The diagram has two data categories. The country of origin shown in the left stacked column in no particular order, and the top 20 players ordered according to their ICC ranking score.
In between are the streams or bands (or ‘Spaghettis’ for the sake of it) color coded by country of origin.
Now, it is not up to me criticizing the choice of diagram type for conveying this specific information. The author seems to have chosen the cricket topic just as a sample, to explain how to do Sankey charts in Tableau in general. Actually the colored list of top 20 (right column) already tells us all we need to know and you wouldn’t even need the left column and the streams.
The main reason I am not happy with this diagram is the fact that it does not stick to the most important characteristic of a Sankey diagram. The post itself comes with the definition: “Sankey diagrams are specific type of flow diagram in which the width of the arrows is shown proportionally to the flow quantity.”
So, what is the flow quantity here? I was thinking of net worth in $$$ of each player, or at least a translation of the ranking score to the width of the bands. But then Babar Azam, who ranked 4th with a score of 846 wouldn’t be shown with a band narrower than the one of E.J.G.Morgan coming in 20th with a score of 650. My guess is, that the the widths of the streams are chosen deliberately…
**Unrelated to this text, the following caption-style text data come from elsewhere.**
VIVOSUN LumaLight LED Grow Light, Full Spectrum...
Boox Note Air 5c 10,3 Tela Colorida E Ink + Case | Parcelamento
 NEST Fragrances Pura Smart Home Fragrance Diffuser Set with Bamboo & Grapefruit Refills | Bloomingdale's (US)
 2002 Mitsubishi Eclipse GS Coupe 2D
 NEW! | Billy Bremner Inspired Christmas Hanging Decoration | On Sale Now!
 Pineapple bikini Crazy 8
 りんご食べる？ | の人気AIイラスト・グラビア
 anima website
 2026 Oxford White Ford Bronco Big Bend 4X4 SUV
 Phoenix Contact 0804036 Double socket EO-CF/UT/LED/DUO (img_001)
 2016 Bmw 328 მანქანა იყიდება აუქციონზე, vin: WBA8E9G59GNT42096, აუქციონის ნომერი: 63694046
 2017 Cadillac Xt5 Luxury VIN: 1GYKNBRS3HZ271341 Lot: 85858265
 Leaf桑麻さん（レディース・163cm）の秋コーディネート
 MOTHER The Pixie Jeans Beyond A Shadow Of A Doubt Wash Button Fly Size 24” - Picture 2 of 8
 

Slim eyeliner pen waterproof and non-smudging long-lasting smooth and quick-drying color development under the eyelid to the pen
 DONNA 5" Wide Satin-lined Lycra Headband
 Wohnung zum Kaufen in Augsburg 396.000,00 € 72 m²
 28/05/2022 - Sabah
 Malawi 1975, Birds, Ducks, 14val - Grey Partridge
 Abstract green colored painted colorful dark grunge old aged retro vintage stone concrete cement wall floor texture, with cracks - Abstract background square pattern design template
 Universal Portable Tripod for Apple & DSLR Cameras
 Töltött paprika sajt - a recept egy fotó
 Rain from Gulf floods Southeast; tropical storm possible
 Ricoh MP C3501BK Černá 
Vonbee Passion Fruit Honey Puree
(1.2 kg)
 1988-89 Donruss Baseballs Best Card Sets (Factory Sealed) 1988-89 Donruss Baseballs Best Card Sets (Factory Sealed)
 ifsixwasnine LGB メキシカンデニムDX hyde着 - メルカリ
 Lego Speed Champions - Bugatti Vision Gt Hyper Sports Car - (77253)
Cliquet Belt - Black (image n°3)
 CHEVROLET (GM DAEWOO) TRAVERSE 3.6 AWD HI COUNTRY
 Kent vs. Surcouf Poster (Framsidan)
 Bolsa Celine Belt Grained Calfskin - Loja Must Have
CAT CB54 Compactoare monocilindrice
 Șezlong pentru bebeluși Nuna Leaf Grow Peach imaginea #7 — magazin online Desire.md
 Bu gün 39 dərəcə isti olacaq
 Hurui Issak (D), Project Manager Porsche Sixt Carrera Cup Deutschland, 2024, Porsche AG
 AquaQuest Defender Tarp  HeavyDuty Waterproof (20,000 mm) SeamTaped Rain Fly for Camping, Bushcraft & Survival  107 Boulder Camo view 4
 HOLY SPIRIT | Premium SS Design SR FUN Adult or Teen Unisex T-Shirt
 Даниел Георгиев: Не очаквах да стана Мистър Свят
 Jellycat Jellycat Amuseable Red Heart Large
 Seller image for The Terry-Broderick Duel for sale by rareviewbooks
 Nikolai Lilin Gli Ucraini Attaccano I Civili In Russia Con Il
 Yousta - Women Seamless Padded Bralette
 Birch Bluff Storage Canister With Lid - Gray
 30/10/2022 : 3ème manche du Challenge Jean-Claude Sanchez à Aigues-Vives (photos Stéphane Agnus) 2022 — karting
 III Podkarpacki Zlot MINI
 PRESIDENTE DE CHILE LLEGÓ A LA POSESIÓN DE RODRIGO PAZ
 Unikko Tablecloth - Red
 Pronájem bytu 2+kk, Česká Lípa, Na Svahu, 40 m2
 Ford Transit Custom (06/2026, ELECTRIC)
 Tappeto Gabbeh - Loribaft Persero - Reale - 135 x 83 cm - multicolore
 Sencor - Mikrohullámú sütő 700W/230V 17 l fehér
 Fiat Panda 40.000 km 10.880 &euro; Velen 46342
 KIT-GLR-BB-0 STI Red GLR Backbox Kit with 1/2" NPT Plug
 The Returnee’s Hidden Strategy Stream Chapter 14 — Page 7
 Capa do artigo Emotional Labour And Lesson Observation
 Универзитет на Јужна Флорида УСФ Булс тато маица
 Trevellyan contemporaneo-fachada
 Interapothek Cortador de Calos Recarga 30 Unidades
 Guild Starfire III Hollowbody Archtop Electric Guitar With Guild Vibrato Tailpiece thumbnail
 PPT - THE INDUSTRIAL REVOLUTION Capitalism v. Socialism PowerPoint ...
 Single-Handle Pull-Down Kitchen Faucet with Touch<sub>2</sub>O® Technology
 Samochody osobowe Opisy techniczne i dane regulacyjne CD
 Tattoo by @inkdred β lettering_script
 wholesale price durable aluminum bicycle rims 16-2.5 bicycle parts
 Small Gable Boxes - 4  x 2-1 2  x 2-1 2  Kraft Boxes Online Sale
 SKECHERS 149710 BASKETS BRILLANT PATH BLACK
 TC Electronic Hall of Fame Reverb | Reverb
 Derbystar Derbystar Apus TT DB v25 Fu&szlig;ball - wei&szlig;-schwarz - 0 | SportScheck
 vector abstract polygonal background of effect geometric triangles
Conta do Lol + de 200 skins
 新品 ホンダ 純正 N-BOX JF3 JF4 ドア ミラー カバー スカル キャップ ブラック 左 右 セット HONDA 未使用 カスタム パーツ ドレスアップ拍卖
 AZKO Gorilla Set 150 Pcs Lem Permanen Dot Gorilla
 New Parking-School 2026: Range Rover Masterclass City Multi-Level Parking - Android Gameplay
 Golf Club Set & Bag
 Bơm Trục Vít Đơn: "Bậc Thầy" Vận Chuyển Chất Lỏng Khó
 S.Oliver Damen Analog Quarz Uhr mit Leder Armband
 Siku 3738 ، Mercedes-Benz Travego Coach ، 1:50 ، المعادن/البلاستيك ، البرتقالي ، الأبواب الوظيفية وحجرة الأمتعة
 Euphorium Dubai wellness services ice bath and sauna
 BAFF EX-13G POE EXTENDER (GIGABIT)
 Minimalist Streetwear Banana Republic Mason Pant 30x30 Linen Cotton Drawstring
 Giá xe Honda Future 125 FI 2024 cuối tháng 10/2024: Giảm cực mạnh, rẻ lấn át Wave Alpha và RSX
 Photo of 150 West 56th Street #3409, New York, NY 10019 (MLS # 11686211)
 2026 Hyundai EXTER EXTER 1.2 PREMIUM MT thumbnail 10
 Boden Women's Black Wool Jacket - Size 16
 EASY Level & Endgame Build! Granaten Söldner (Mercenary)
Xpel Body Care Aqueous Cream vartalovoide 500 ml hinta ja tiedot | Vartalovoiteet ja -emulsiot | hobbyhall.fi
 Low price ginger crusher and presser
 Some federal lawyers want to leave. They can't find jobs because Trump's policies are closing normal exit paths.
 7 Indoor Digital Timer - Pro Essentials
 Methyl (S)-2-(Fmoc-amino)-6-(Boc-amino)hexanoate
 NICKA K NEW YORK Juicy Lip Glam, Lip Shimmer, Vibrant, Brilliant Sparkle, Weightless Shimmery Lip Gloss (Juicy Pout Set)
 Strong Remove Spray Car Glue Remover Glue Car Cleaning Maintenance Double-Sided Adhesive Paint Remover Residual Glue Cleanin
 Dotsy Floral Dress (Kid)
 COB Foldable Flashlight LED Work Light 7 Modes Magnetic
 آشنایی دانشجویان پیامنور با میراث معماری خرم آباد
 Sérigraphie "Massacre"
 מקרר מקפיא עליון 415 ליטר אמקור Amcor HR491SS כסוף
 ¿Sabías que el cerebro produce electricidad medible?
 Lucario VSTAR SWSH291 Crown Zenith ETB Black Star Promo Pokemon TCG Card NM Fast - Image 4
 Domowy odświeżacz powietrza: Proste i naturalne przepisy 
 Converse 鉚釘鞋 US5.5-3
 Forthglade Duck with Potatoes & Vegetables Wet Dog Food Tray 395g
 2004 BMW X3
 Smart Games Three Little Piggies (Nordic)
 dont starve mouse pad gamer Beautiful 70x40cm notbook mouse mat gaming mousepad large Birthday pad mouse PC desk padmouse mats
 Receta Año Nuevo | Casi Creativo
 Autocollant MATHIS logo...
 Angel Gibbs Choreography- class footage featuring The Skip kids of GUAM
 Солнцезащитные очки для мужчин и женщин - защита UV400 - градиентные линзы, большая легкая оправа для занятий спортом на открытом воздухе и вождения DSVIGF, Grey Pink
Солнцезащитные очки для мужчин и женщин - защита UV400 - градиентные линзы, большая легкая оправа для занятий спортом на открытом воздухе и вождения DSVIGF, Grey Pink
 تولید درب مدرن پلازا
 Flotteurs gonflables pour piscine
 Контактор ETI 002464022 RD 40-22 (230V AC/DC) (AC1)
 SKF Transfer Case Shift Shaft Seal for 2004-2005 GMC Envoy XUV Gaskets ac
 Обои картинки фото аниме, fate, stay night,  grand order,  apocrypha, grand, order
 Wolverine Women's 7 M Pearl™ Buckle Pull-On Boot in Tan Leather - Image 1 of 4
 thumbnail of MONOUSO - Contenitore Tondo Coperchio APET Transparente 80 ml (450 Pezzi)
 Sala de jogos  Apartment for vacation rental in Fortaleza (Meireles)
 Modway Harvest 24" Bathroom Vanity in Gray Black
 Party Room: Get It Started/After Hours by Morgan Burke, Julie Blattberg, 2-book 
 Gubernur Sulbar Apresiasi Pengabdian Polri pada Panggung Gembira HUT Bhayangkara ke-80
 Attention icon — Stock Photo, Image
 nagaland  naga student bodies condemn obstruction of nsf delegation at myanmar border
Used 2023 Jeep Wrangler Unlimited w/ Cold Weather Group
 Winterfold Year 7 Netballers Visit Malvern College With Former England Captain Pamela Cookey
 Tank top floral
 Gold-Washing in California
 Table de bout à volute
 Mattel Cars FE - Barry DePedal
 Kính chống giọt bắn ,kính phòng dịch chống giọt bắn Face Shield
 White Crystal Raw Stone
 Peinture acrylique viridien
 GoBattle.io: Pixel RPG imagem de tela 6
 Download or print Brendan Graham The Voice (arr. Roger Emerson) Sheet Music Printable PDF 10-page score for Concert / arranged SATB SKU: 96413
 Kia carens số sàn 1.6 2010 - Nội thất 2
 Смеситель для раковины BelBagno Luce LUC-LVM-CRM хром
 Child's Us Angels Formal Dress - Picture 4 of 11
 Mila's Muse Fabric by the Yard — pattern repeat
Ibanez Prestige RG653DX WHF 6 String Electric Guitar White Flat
Where the bands merge, they overlap rather than merge to show the sum of the flow quantities. This makes for a very odd visual effect, at least in terms of Sankey diagrams.
The blog article gives away some of the math behind the curves, so called Sigmoid curves, which is interesting.
This capture taken from the embedded Tableau graph shows how the curves are made up and how the width is maintained along the routing of each curve: You do it with cricket balls 😉 … or christmas bulbs.
Other implementations of relationship diagrams use Beziers curves (which sometimes come with another downside, read here). But that’s for another time…